今回の体外受精での採卵数は?


体外受精を成功させるには「卵巣の機能が十分である」ということが最も関係してきます。体外受精の成功率は加齢によって低下することはもちろん、年齢が若くても卵巣の機能(予備能)が低下していると十分に採卵が出来ないことがあります。

卵巣の機能を調べる方法として、月経周期の3日目に超音波診断によって卵巣内に卵胞が複数確認できるかを確かめる方法があります。このときに小卵胞が認められないと、卵巣機能は低下しており採卵数も少なくなることが考えられます。

また3日目の血中FSHレベルが8mIU/ml以上あると妊娠の確率は低下し、15mIU/ml以上あると「妊娠はあまり望めない」と考えられています。

体外受精を受ける人にとって採卵数はとても気になります。たくさん採卵できれば凍結胚にすることも可能で、凍結胚があるあいだは何度も移植することが可能になるからです。

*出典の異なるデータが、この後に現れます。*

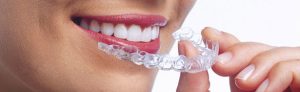 ortodoncia invisalign Clínica Dental y Maxilofacial Rehberger López-Fanjul Oviedo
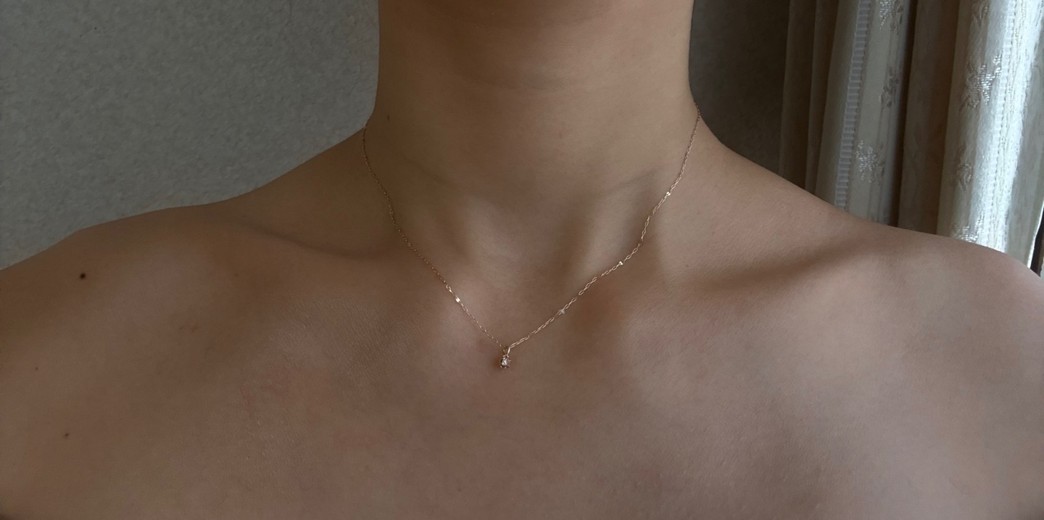 after photo: 肩ボトックス(僧帽筋)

ただし質のいい卵子を採卵することを目標に、過剰な採卵をおこなわない病院もあります。このあたりは各施設によっても方針や違いがあり、一概にどちらがいいと結論付けるべきではないかもしれません。

また凍結胚は新鮮胚よりも妊娠の確率が高いというデータもあるようです。これは良好胚(胚盤胞など、すでに体外で培養)を凍結することによって、凍結融解胚移植時(BT)に妊娠の確率が高くなると考えられています。